Notwithstanding the foregoing, I am not hereby releasing any of the following claims (the “Excluded Claims”): (i) any rights or claims for indemnification or insurance (including, but not limited to, directors and officers insurance) I may have pursuant to the charter, bylaws or operating agreements of the Company or any affiliate thereof, or under applicable law; (ii) any rights that are not waivable as a matter of law; (iii) any vested compensation, equity or benefits rights under the Employment Agreement, the Axovant Sciences Ltd. 2015 Equity Incentive Plan, the ASL or ASI Option Grant Notices and Award Agreements, or other ASL or ASI equity award agreements and retirement plans (the “Compensation Arrangements”); or (iv) any claims arising under the Compensation Arrangements after the Separation Date. I hereby represent and warrant that, other than the Excluded Claims, I am not aware of any claims that I have or may have against any of the Released Parties that are not included in the Released Claims.
I also specifically acknowledge that I am knowingly and voluntarily waiving and releasing any rights I may have under ADEA; and that the consideration given under this Release for this waiver and release is in addition to anything of value to which I am already entitled. I further acknowledge that I have been advised by this writing, as required by the ADEA, that: (i) my waiver and release do not apply to any rights or claims that may arise on or after the date I execute this Agreement; (ii) I should consult with an attorney prior to executing this Agreement (although I may choose voluntarily not to do so); (iii) I have twenty-one (21) days to consider this Agreement (although I may choose voluntarily to execute it earlier); (iv) I have seven (7) days following the date I sign this Agreement to revoke my acceptance of it (by written revocation notice to the Chief Financial Officer of the Company received within the 7-day revocation period); and (v) this Agreement shall not be effective until the eighth day after I have signed it, provided that the revocation period has expired unexercised (the “Effective Date”).
Nothing herein shall prevent me from responding accurately and fully to any request for information if required by legal process. In addition, nothing herein shall preclude me from: filing a charge or complaint with any state or federal government agency (“Government Agency”); communicating with any Government Agencies; or otherwise participating in any investigation or proceeding that may be conducted by any Government Agency, including providing documents or other information, without notice to the Company. However, I understand and agree that, to the maximum extent permitted by law, I am otherwise waiving any and all rights I may have to individual relief based on any claims I have released and any rights I have waived by signing this Release, provided that this Release does not limit my right to receive any award for information provided to the SEC.
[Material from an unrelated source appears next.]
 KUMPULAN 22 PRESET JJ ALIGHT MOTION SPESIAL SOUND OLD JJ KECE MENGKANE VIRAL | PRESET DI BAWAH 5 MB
I agree and understand that any dispute between me and the Released Parties (excluding in my capacity as a shareholder of the Company or any of its affiliates) will be handled pursuant to the arbitration procedure set forth in Section 6 of the Employment Agreement, which is hereby incorporated into this Release.
This Release, together with the surviving portions of the Employment Agreement (and its Exhibits), constitutes the entire agreement between me and the Company with respect to the subject matter hereof. This Agreement will be construed and enforced in accordance with the
laws of the State of New York. In signing this Release, I am not relying on any representation not contained herein or in the Employment Agreement.